*** Opening of Input data ***

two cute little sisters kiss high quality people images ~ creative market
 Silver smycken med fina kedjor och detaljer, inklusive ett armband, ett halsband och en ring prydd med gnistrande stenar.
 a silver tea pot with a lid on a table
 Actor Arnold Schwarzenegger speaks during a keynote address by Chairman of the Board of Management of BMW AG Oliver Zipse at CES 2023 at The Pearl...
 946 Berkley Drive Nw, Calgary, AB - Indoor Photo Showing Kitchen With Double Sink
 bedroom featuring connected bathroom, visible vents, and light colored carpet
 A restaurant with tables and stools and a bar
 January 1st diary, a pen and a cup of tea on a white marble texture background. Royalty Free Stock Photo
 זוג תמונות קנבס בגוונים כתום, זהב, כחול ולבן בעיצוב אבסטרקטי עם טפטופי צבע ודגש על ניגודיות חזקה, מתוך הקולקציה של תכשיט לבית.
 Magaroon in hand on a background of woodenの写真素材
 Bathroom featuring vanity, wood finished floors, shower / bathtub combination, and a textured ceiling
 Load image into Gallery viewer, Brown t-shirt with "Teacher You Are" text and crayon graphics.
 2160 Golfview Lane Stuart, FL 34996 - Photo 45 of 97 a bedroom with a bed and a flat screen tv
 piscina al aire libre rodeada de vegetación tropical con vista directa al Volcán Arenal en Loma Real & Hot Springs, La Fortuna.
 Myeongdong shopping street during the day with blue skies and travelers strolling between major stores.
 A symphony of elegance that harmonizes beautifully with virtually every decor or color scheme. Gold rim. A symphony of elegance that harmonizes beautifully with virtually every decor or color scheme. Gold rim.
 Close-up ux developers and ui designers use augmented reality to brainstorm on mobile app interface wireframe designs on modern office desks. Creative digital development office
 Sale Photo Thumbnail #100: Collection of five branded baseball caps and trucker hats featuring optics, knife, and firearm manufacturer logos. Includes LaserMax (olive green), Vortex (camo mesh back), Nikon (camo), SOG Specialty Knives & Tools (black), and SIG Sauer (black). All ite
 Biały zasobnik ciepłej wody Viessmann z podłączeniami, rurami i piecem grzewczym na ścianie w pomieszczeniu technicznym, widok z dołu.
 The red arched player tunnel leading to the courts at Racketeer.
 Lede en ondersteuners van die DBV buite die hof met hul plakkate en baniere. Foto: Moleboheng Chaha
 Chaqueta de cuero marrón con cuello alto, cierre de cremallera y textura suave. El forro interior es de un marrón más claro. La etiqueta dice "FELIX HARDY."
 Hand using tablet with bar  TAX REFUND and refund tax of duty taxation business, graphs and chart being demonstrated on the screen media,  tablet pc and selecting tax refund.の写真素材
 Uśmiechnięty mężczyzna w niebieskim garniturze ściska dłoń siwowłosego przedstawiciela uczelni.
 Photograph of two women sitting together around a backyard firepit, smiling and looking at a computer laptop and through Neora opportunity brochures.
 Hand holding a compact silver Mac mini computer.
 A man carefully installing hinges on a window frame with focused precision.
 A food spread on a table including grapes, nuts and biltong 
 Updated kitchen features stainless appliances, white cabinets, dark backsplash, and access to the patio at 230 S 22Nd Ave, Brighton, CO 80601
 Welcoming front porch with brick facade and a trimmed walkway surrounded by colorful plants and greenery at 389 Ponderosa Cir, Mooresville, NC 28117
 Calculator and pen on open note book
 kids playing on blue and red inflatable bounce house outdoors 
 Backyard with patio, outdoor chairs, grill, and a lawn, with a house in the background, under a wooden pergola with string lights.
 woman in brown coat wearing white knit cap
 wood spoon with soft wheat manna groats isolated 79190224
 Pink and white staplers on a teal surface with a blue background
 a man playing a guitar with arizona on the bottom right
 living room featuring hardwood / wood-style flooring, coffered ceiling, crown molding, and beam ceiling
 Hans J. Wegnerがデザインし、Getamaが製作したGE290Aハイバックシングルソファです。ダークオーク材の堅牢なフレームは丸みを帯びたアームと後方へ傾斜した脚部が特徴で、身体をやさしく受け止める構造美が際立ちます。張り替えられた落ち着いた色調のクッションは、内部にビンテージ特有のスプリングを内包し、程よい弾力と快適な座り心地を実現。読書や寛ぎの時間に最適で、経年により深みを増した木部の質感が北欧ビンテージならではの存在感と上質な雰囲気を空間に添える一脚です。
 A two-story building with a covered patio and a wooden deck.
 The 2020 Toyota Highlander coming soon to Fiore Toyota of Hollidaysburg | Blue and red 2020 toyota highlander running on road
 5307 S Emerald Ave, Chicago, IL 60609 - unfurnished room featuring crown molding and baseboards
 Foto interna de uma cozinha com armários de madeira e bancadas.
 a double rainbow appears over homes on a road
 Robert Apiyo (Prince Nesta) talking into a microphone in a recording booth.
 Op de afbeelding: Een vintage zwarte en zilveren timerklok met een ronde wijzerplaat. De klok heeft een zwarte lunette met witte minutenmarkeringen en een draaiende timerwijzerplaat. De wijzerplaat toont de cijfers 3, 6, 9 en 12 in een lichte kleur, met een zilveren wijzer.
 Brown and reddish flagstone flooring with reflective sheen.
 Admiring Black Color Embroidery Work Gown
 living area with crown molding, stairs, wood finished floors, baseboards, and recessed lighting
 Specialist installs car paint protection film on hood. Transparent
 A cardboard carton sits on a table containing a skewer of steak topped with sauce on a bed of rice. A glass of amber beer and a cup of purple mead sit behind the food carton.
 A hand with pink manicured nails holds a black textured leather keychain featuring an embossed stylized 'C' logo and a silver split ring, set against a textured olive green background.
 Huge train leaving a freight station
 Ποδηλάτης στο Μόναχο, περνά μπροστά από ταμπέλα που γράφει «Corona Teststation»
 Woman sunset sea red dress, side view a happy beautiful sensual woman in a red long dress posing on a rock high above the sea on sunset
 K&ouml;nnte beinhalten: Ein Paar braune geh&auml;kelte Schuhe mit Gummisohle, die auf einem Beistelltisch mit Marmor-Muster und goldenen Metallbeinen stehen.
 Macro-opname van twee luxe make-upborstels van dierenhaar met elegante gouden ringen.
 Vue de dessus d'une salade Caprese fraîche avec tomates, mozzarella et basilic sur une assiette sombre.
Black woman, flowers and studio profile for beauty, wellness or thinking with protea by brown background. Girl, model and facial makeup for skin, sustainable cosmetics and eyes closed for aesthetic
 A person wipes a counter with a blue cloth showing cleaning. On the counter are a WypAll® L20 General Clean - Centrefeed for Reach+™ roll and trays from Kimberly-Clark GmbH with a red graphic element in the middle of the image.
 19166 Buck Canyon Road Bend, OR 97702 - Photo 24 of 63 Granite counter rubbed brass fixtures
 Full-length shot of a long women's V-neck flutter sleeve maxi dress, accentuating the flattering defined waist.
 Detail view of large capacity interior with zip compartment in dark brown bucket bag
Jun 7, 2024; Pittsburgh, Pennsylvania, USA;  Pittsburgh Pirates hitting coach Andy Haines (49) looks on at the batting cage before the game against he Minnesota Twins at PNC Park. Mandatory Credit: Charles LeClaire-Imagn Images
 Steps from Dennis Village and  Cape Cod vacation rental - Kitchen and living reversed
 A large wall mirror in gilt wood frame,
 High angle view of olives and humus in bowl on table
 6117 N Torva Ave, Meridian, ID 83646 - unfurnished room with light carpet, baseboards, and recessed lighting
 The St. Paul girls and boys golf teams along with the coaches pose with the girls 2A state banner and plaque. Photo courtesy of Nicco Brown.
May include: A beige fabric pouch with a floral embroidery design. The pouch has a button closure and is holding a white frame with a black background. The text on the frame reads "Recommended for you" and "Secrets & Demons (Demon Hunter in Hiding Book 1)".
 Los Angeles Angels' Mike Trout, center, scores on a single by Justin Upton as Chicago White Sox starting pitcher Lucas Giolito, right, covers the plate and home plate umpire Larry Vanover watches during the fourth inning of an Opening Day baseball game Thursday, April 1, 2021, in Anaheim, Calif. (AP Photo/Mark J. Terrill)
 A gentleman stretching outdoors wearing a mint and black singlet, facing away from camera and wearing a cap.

*** Close of Input data ***

[Work request] Show every line in the listing above that carries the word "textured".

[Expected output]
 Bathroom featuring vanity, wood finished floors, shower / bathtub combination, and a textured ceiling
 A hand with pink manicured nails holds a black textured leather keychain featuring an embossed stylized 'C' logo and a silver split ring, set against a textured olive green background.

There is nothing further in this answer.